**Work item**:
Transcribe the records below word for word, beginning with the first line and stopping after the line that contains "Registration is the"; pictures are not part of the copy.

**Study material**:
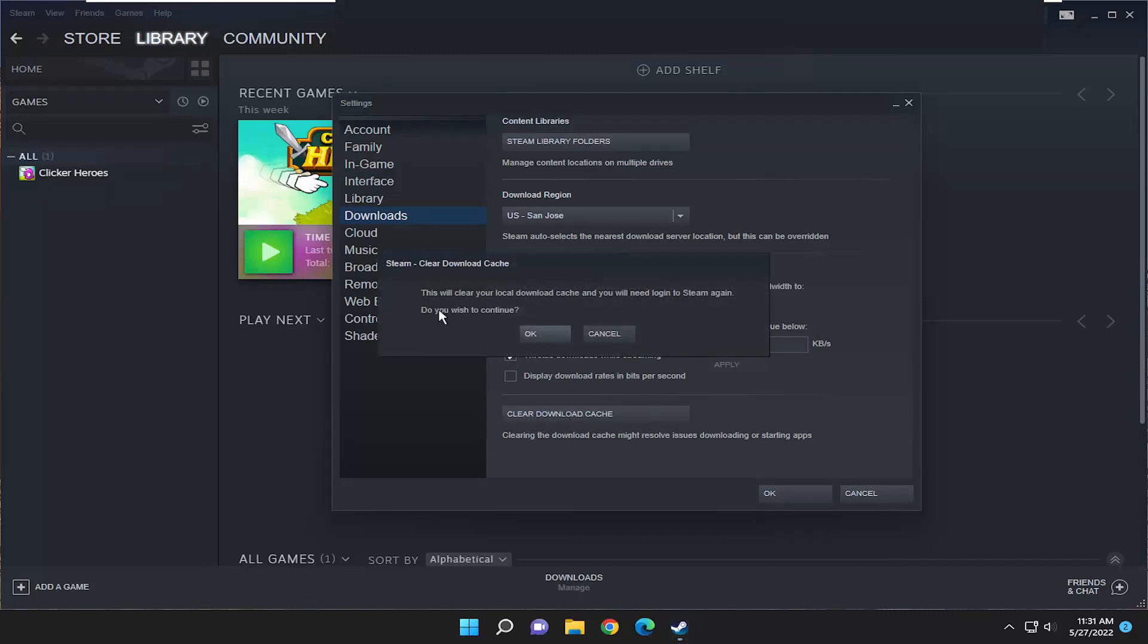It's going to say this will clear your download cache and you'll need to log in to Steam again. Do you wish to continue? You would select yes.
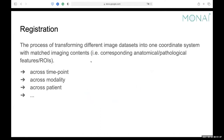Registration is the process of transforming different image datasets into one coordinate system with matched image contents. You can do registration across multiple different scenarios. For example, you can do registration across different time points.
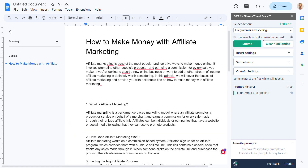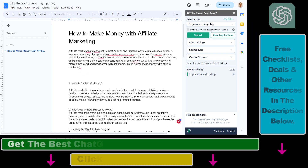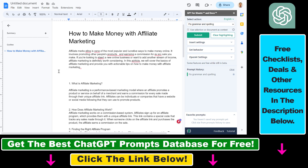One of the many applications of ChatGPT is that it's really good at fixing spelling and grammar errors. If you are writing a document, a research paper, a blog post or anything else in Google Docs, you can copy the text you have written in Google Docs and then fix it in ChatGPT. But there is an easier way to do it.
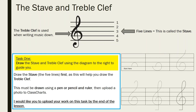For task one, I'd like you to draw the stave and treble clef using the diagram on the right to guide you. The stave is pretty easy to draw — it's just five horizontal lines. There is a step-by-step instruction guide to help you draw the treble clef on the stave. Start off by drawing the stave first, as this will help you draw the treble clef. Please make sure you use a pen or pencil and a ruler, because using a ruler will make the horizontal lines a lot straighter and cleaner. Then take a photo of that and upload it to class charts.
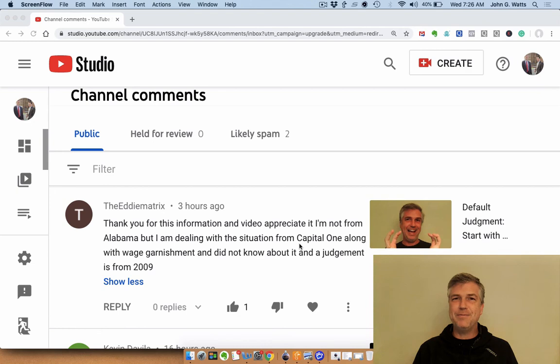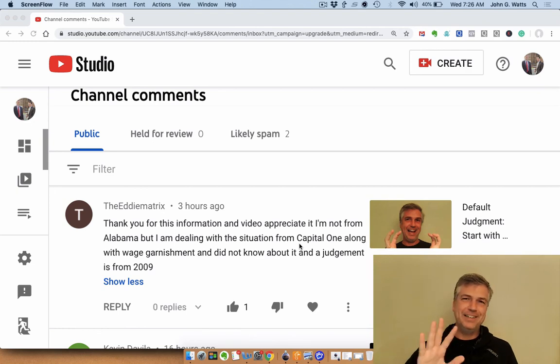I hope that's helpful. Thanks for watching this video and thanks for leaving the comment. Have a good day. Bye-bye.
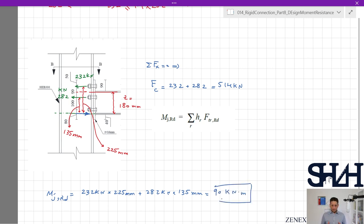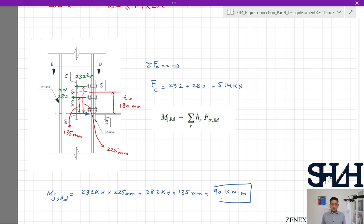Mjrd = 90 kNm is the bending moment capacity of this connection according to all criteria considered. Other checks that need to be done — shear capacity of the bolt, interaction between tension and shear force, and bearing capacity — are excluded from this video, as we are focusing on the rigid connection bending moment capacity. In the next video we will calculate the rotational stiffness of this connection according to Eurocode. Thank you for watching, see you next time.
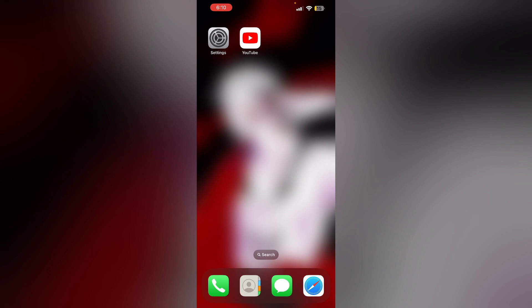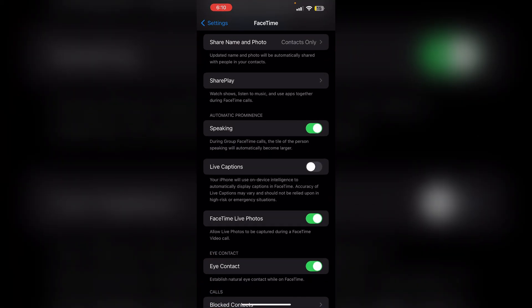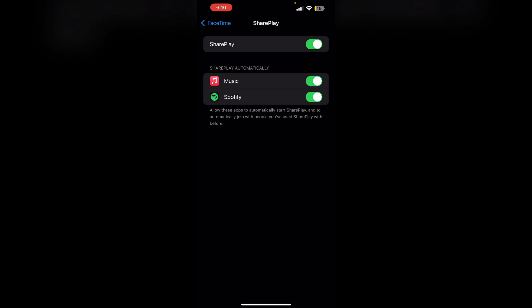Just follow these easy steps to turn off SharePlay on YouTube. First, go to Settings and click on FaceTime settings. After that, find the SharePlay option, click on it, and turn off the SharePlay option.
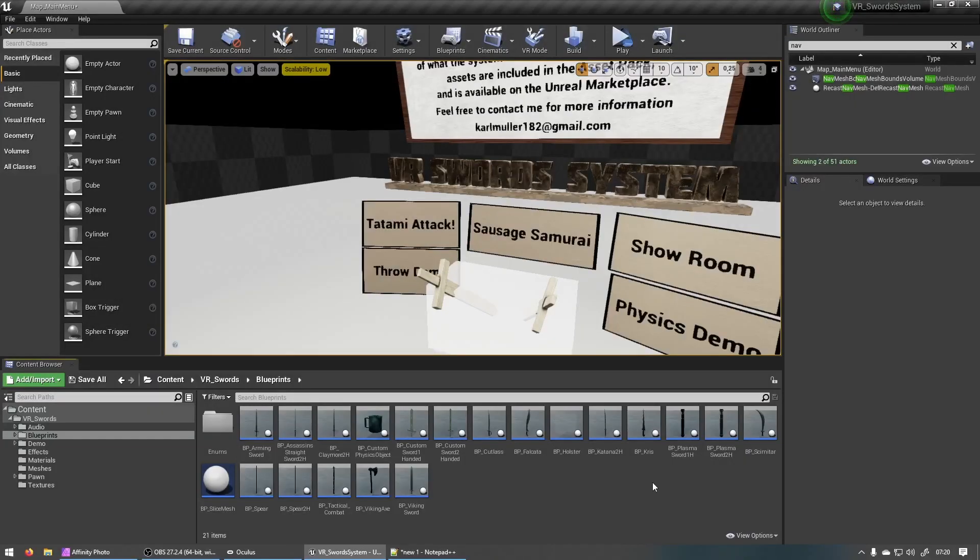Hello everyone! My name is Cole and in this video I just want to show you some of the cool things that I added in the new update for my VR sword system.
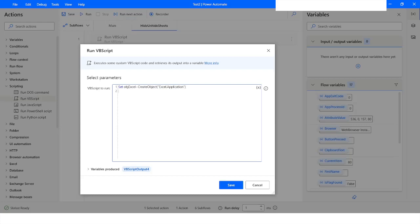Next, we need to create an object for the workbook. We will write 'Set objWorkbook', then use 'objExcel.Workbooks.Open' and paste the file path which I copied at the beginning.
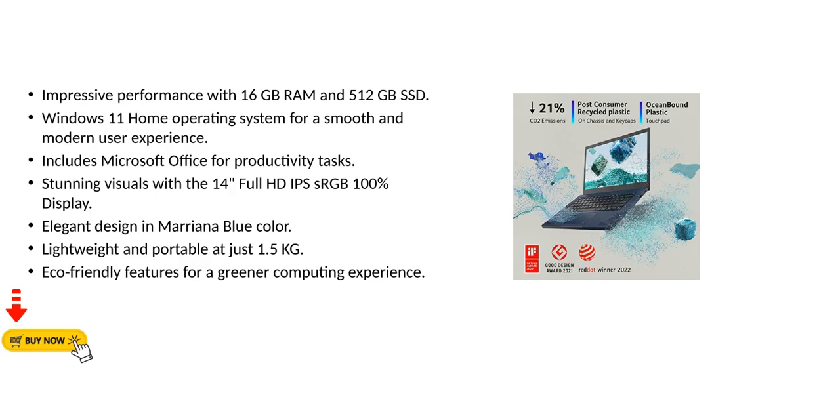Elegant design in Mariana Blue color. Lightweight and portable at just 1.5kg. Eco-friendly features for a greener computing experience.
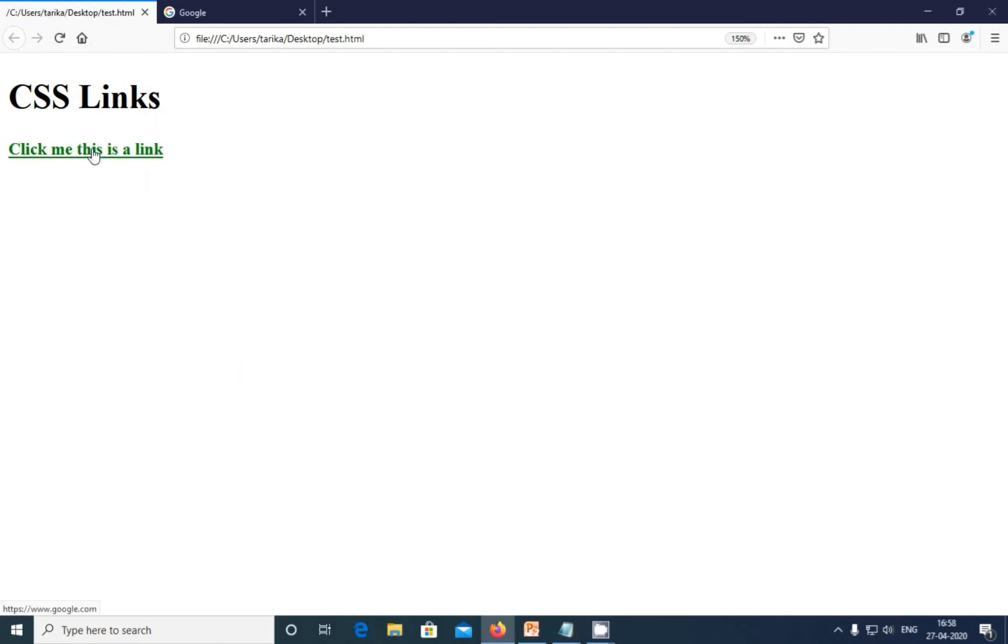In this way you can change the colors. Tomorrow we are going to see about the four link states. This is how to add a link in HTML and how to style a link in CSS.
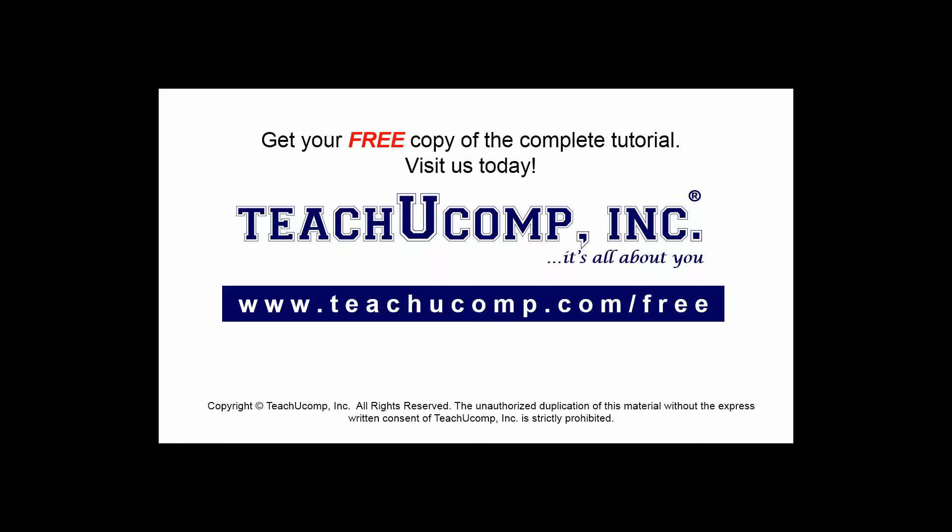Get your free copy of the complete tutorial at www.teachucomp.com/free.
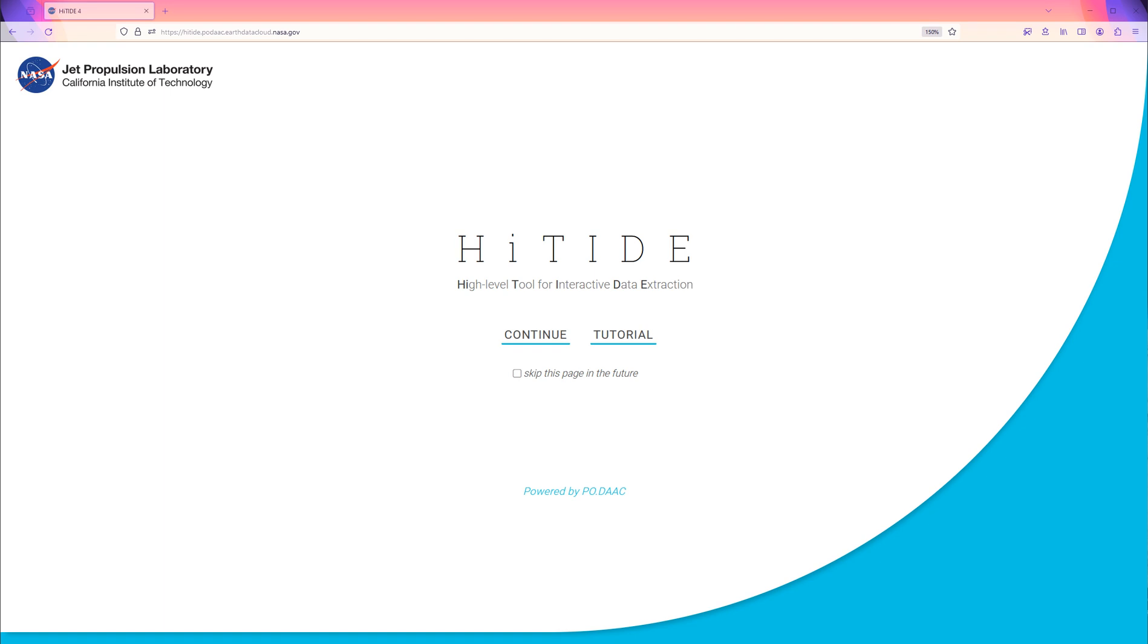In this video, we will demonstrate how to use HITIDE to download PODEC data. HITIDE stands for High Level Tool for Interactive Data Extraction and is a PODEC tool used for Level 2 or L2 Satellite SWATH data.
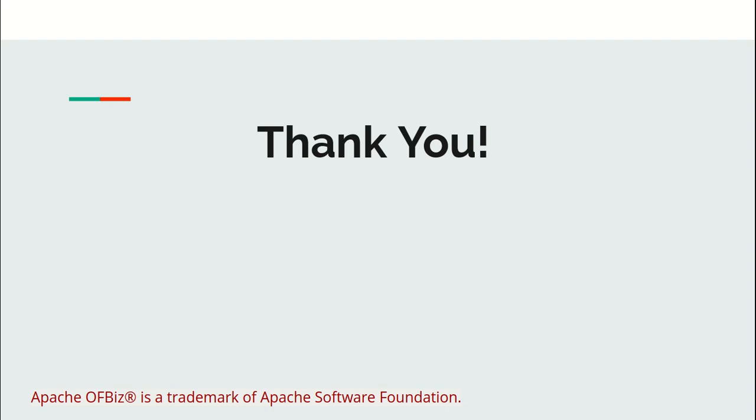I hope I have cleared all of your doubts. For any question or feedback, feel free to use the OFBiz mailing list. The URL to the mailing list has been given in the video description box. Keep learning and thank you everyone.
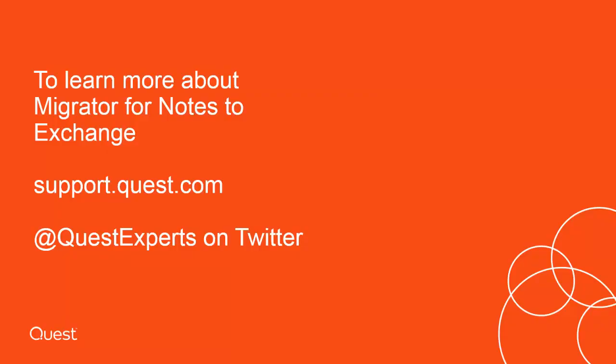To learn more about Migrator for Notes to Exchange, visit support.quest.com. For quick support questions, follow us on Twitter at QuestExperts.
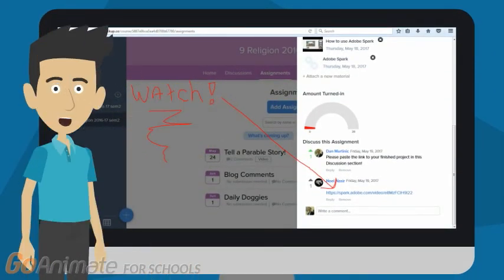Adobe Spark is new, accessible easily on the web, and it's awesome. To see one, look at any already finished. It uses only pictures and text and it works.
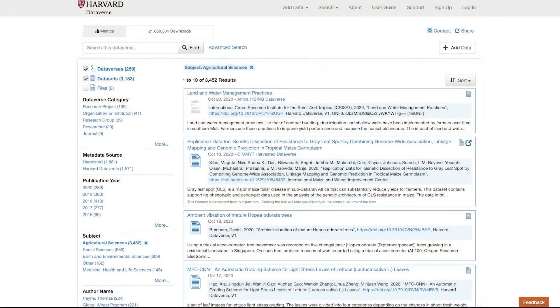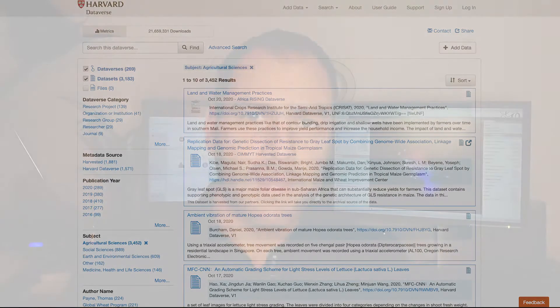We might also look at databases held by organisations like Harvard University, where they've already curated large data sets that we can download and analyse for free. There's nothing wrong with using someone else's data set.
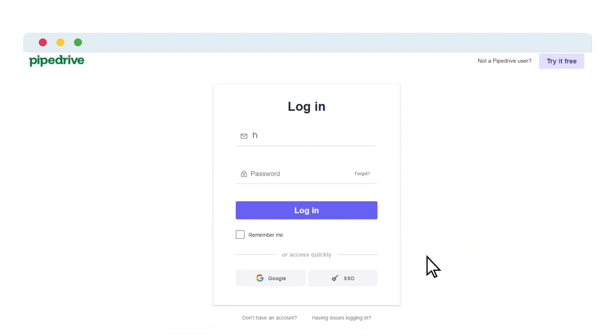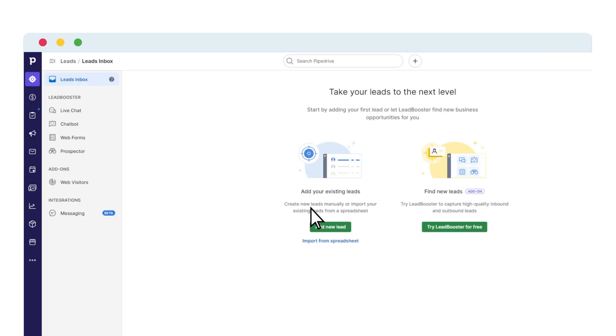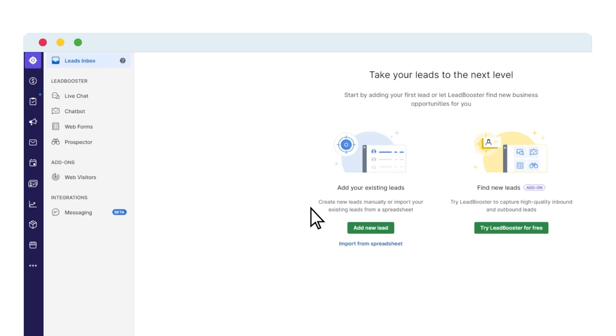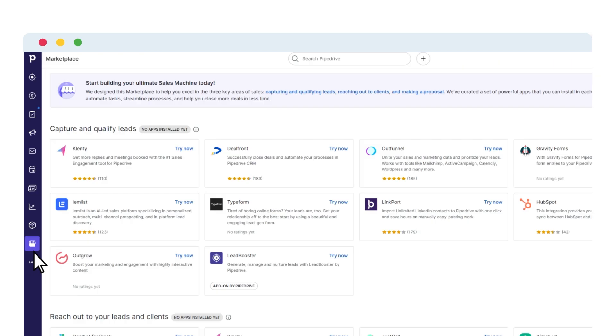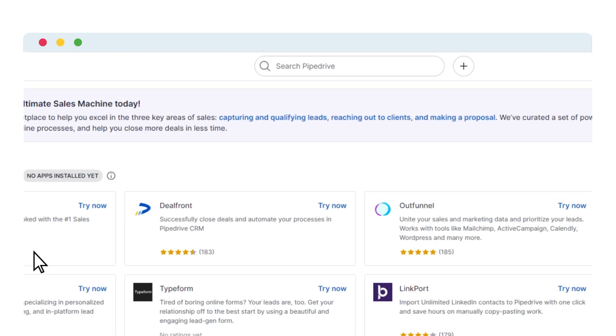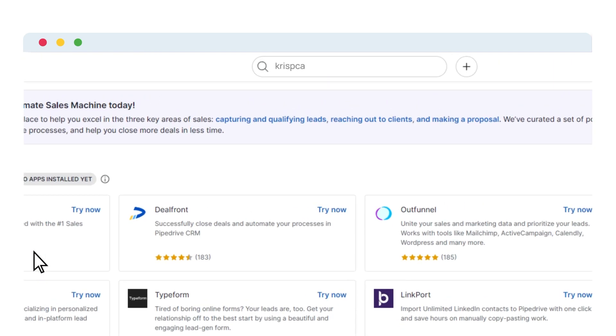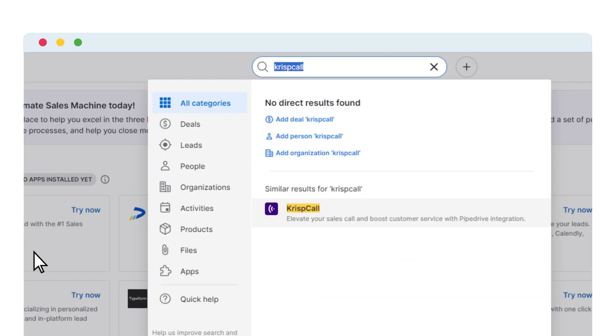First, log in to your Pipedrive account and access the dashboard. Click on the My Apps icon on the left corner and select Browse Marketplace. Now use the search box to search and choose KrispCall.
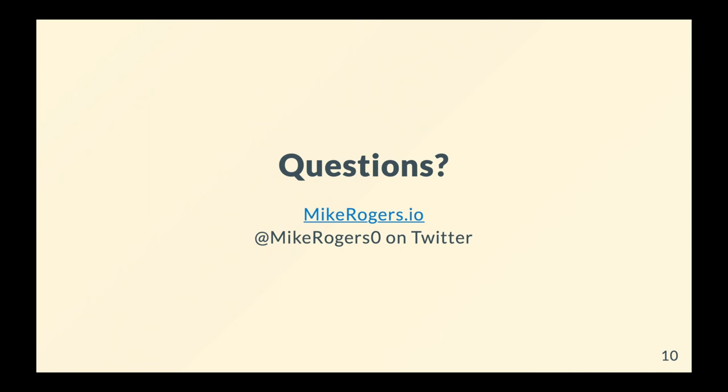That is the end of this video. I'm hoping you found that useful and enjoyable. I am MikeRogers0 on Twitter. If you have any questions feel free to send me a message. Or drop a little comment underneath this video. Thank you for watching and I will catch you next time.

**Response to this exercise**:
It's going to say this will clear your download cache and you'll need to log in to Steam again. Do you wish to continue? You would select yes.
Registration is the process of transforming different image datasets into one coordinate system with matched image contents. You can do registration across multiple different scenarios. For example, you can do registration across different time points.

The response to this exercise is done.